VETERAN playwright Charles Dyer wrote Rattle of a Simple Man in the Sixties, the decade of the Beatles, the Lady Chatterley trial and the Profumo scandal.

It’s a two-hander with virtually no plot, relying on dialogue between two individuals to maintain audience interest. It sounds difficult to achieve and it is; but Dyer’s characters have such depth and humanity that our attention is caught and held, the flashes of humour and shared experience make us want to know these people better.

Huw Higginson is a familiar face from TV’s The Bill and other staples, but his stage experience is extensive and it shows. He’s very comfortable in the role of Percy, up for the cup in his striped scarf and bobble hat; three sheets to the wind when he accepts a bet concerning a club hostess.

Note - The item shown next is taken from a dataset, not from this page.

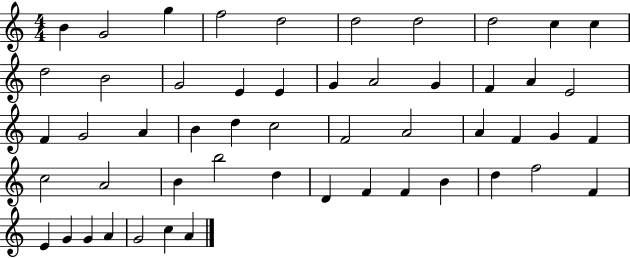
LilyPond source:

Hannah Waterman, perhaps best known for her role as Laura Beale in EastEnders, plays lady of the night Cyrenne, who takes the inexperienced Percy back to her London flat for a bit of business and ends up revealing far more than she intends.

Both actors are excellent, expanding their characters with deft strokes. It would be so easy to caricature, the tart with a heart and the clumsy virgin, but these two capture our hearts in their loneliness and vulnerability.

A special mention for Andrew Bloomer, stepping in, presumably at short notice, to play the part of Ricard, and very good he was, too.

This is an amusing, absorbing start to Ian Dickens’ rep season at the Civic, with three further plays to look forward to.